Data section:
Start of Block
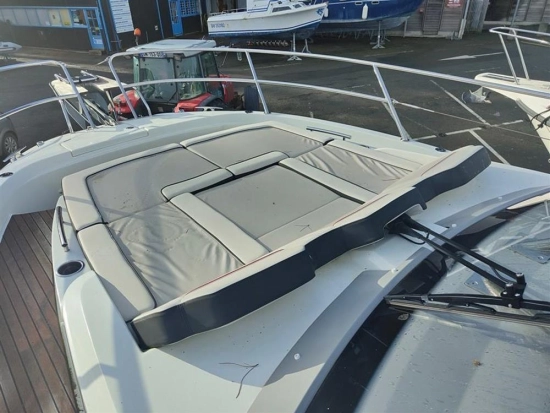 Jeanneau Cap Camarat 10.5 WA de segunda mano en venta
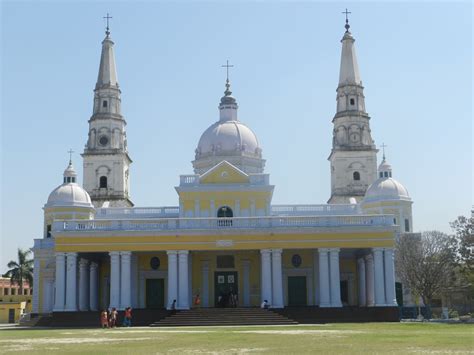 Amazing Sardhana Church Built By Indian Muslim Woman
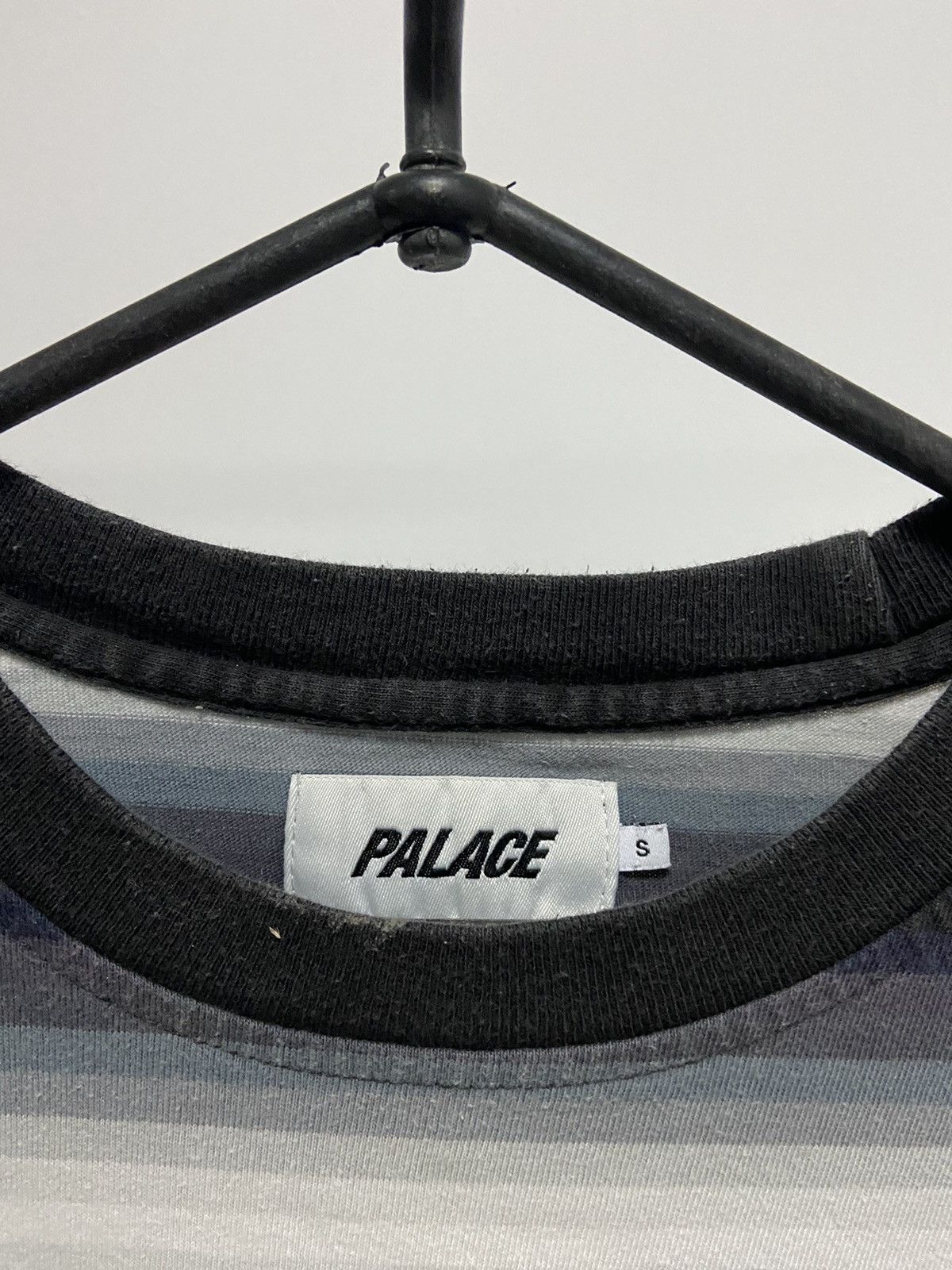 Palace × Vintage Palace longsleeve Vintage big Logo fader stripe top skate Size US S / EU 44-46 / 1 - 5 Thumbnail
End of Block
Assigned task:
Except for the pictures, give all the material above again verbatim.

Exercise output:
 Jeanneau Cap Camarat 10.5 WA de segunda mano en venta
 Amazing Sardhana Church Built By Indian Muslim Woman
 Palace × Vintage Palace longsleeve Vintage big Logo fader stripe top skate Size US S / EU 44-46 / 1 - 5 Thumbnail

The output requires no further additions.